La chute du niveau de confiance reflète la perte des principaux organismes d’information au profit d’un type de journalisme de réveil. Nous avons discuté de la façon dont les écrivains, les rédacteurs, les commentateurs et les universitaires se sont ralliés aux appels croissants à la censure et au contrôle de la parole, y compris le président élu Joe Biden et ses principaux conseillers. Même les journalistes mènent des attaques contre la liberté d’expression et la liberté de la presse. Il s’agit notamment d’universitaires qui rejettent le concept même d’objectivité dans le journalisme en faveur d’un plaidoyer ouvert. Steve Coll, doyen de la faculté de journalisme de Columbia et auteur du New Yorker, a dénoncé la façon dont le droit à la liberté d’expression garanti par le premier amendement était « militarisé » pour protéger la désinformation. De même, l’université de Caroline du Nord a récemment offert une chaire universitaire de journalisme à Nikole Hannah-Jones, du New York Times. Alors qu’Hannah-Jones a reçu un prix Pulitzer pour ses écrits sur le projet 1619, elle a été critiquée pour son rôle dans l’élimination des opinions dissidentes des pages du New York Times et pour son adhésion à des théories absurdes de conspiration anti-police. Aujourd’hui, même le fait d’attendre les faits est considéré comme contraire à l’éthique par les professeurs de journalisme qui exigent que les journalistes fassent des déclarations politiques ou sociales à travers leurs reportages.

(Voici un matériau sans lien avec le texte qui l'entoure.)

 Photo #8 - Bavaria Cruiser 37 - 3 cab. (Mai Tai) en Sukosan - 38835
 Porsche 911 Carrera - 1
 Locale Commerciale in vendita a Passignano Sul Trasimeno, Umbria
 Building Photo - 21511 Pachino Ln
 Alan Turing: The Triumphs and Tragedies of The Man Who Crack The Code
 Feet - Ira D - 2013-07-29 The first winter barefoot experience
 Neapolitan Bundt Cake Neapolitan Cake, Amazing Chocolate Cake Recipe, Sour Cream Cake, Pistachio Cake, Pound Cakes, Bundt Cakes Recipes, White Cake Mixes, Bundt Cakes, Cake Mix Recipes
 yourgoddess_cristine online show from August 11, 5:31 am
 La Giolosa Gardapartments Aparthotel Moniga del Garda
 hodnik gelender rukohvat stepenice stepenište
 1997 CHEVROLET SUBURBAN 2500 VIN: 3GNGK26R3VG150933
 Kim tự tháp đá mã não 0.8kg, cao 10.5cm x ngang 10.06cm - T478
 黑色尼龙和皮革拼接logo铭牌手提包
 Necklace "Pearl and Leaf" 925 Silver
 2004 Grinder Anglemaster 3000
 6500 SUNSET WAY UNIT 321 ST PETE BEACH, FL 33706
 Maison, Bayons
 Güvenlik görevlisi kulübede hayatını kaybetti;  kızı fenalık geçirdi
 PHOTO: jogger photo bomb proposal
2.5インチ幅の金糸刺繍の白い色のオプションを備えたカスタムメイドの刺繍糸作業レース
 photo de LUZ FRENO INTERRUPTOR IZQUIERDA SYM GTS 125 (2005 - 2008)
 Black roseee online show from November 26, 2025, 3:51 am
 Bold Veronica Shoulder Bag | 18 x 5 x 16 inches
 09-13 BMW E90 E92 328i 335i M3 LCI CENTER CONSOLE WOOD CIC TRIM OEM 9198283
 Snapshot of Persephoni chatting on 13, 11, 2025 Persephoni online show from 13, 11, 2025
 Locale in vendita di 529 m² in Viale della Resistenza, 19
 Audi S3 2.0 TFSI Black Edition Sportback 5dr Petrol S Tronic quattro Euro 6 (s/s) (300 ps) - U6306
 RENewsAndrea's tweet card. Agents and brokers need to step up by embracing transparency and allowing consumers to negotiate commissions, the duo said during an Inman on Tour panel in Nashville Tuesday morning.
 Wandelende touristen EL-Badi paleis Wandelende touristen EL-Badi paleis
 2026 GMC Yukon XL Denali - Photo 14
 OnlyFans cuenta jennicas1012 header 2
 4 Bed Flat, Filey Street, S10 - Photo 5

L’un des moments les plus sombres a été le mea culpa du New York Times pour avoir publié une colonne d’opinion d’un sénateur conservateur. Le New York Times a été dénoncé par nombre d’entre nous pour avoir présenté des excuses minables après avoir publié une colonne du sénateur Tom Cotton (Elu républicain de l’Arkansas) et avoir promis de ne plus publier de telles colonnes à l’avenir. Il ne publiera pas la chronique d’un sénateur républicain sur les protestations aux États-Unis, mais il publiera celle d’un des dirigeants chinois écrasant les protestations pour la liberté à Hong Kong. M. Cotton a fait valoir que l’utilisation des troupes de la Garde Nationale peut être nécessaire pour réprimer des émeutes violentes, rappelant l’utilisation historique de cette option lors de manifestations passées. Cette option a été utilisée tout récemment après l’émeute du Capitole.

Presque un an après avoir condamné sa propre publication de Cotton (et forcé son propre rédacteur en chef à partir), le New York Times a publié un chroniqueur universitaire qui avait auparavant défendu le meurtre de manifestants conservateurs.

Cette semaine, le Washington Post a fait la promotion d’une chroniqueuse, Karen Attiah, qui a suscité l’indignation l’été dernier après avoir tweeté : « Les femmes blanches ont de la chance qu’on les appelle simplement des Karens (mot d’argot -non lié au prénom de cette journaliste- qui désigne de manière péjorative une femme blanche d’âge mur, de classe moyenne qui s’insurge de tout et perpétue un racisme systémique revendiquant des droits supérieurs aux autres, NdT). Et qu’elles ne suscitent pas la vengeance ».

Compte tenu de cette tendance, il n’est guère surprenant que les téléspectateurs ne fassent plus confiance aux médias.

Ils ont vu des histoires allant de Hunter Biden aux origines de la pandémie être agressivement censurées par Big Tech et occultées par les journalistes.

Le problème est que ce journalisme d’écho fonctionne pour certains dans les médias même s’il finit par détruire la profession dans son ensemble. Il s’agit d’une version journalistique de la Tragédie des biens communs de Hardin, où chacun agit pour son bénéfice immédiat alors que « la logique inhérente aux biens communs génère sans remords de la tragédie ».